Module ukat.qa.snr

Classes

class Isnr (pixel_array, affine, noise_mask=None, n_clusters=3)

Attributes

isnr : float
Image signal to noise ratio.
isnr_map : np.ndarray
A map of the image signal to noise ratio.
noise_mask : np.ndarray
Mask of the ROI used to measure noise levels. Should be voxels outside the body.
clusters : np.ndarray
The labels assigned to each voxel during automatic background segmentation. This can be useful for debugging.

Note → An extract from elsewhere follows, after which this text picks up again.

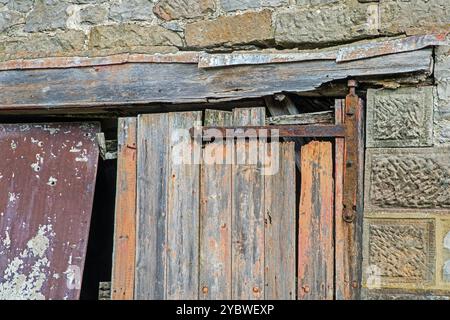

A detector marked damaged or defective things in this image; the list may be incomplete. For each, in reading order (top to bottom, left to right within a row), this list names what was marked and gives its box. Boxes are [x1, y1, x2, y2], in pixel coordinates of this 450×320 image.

rusty metal hinge [342, 81, 364, 224]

Initialise an image signal to noise ratio (iSNR) class instance. Parameters


pixel_array : np.ndarray
Array of voxels over which iSNR should be calculated.
affine : np.ndarray
A matrix giving the relationship between voxel coordinates and world coordinates.
noise_mask : np.ndarray, optional
A binary voxel mask where voxels representing background i.e. outside the body, are True. If no mask is supplied, one is estimated using a Bayesian Gaussian mixture model to segment background voxels.
n_clusters : int, optional
When using the automatic background segmentation this is the total number of componenets the image is segmented into. The component with the lowest mean is assumed to be background. Default 3.
Expand source code
class Isnr:
    """
        Attributes
        ----------
        isnr : float
            Image signal to noise ratio.
        isnr_map : np.ndarray
            A map of the image signal to noise ratio.
        noise_mask : np.ndarray
            Mask of the ROI used to measure noise levels. Should be voxels
            outside the body.
        clusters : np.ndarray
            The labels assigned to each voxel during automatic background
            segmentation. This can be useful for debugging.
        """

    def __init__(self, pixel_array, affine, noise_mask=None, n_clusters=3):
        """Initialise an image signal to noise ratio (iSNR) class instance.
        Parameters
        ----------
        pixel_array : np.ndarray
            Array of voxels over which iSNR should be calculated.
        affine : np.ndarray
            A matrix giving the relationship between voxel coordinates and
            world coordinates.
        noise_mask : np.ndarray, optional
            A binary voxel mask where voxels representing background i.e.
            outside the body, are True. If no mask is supplied, one is
            estimated using a Bayesian Gaussian mixture model to segment
            background voxels.
        n_clusters : int, optional
            When using the automatic background segmentation this is the
            total number of componenets the image is segmented into. The
            component with the lowest mean is assumed to be background.
            Default 3.
        """
        self.pixel_array = pixel_array
        self.affine = affine
        self.n_clusters = n_clusters
        self.shape = pixel_array.shape
        self.dimensions = len(pixel_array.shape)

        if noise_mask is None:
            self.__mask_background__()
        else:
            self.noise_mask = noise_mask
            self.clusters = np.nan

        self.isnr = np.nan
        self.isnr_map = np.zeros(self.shape)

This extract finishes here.